The fact Wes Anderson isn’t afraid to harm animals is part of what makes this movie so effective. There are moments of terror, in part because we know that if this were any of his other movies, they likely would be dead.

I feel this film reaches a peak during a sequence where Atari, the young boy, is alone with Chief, the stray among the pack that otherwise consists of former pets. Though Atari is rarely given a direct translation, we can fully understand his intents here. What Anderson gets across perfectly is that, while we may speak a different language, the way we communicate with dogs is nearly universal.

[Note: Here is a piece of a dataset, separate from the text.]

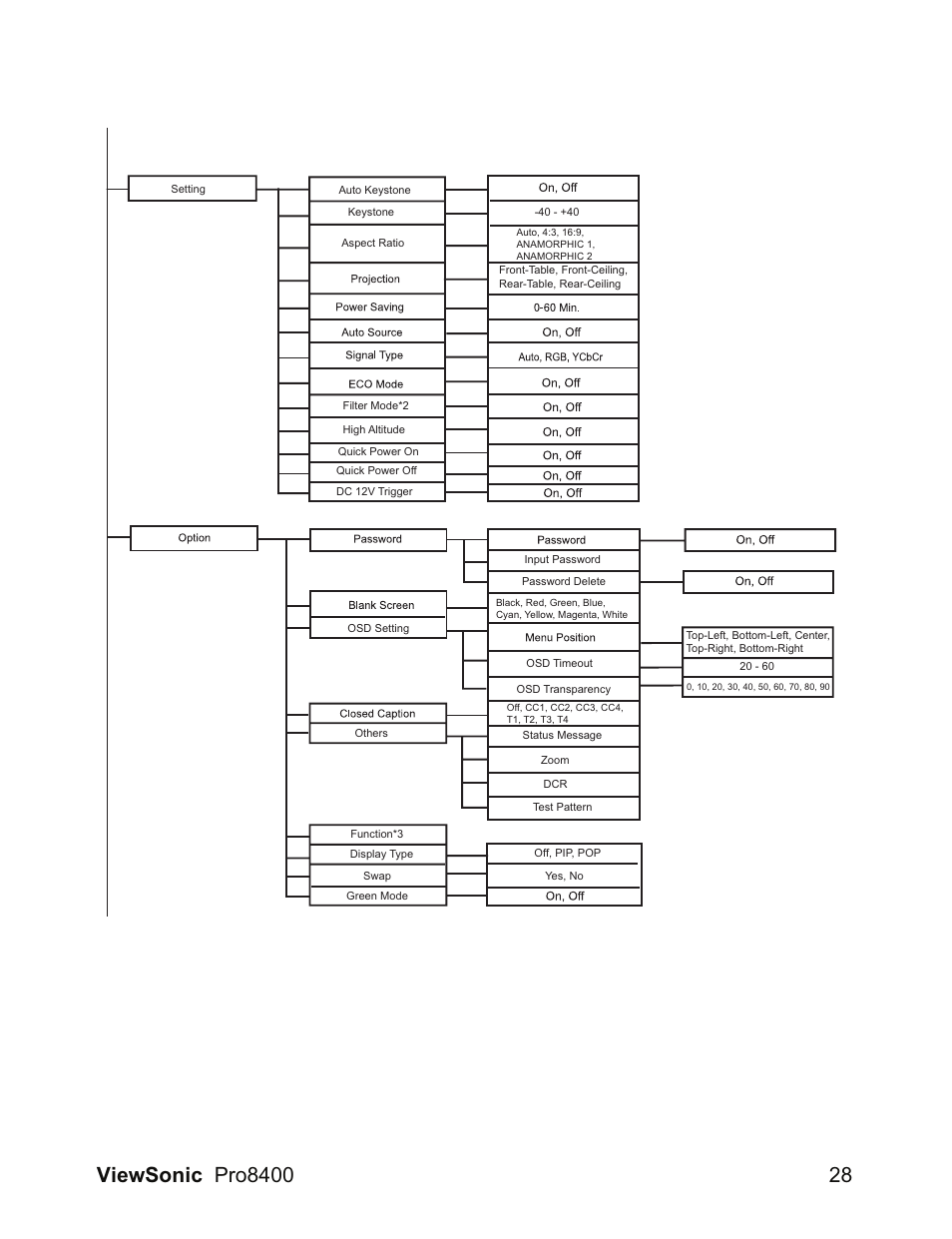 VIEWSONIC VS13647 User Manual | Page 32 / 78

Atari is the shining beacon at the center of this film, I believe the character most representative of the movie’s themes. Words are only one tool for communication. There’s passion in his actions. In this way, Isle of Dogs feels like a callback to silent cinema.

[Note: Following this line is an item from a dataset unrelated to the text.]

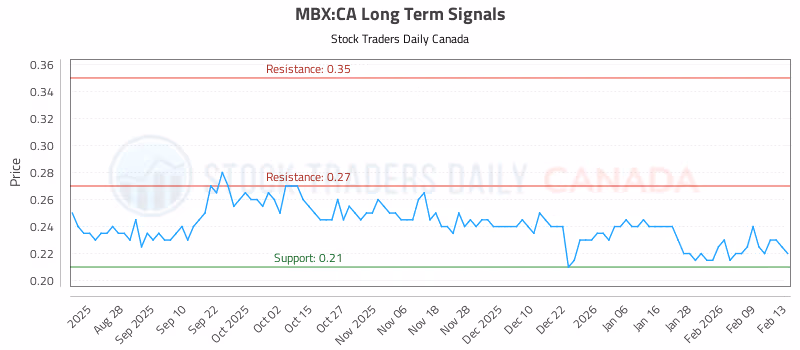 Stock Chart for MBX:CA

On a technical and stylistic level, this is exactly what you would expect from a Wes Anderson film. Symmetrical composition and use of colors are on point. The stop-motion animation is gorgeous.

The screenplay is likewise familiar. The characters all have their exaggerated quirks, dialogue is more concerned with wit than realism. These elements are strong, but the film is at its best when it gives room for silence – or, if not silence, periods where the average viewer cannot understand the language.

In the end, I feel this might be a bit weaker than Wes Anderson’s previous three films, but still an excellent addition to his body of work. It does just enough different to feel fresh while maintaining his usual charm. I think most importantly, while his other films seem to create emotional distance through the oddities of their characters, Anderson manages to actually create resonance through a language barrier. That takes skill.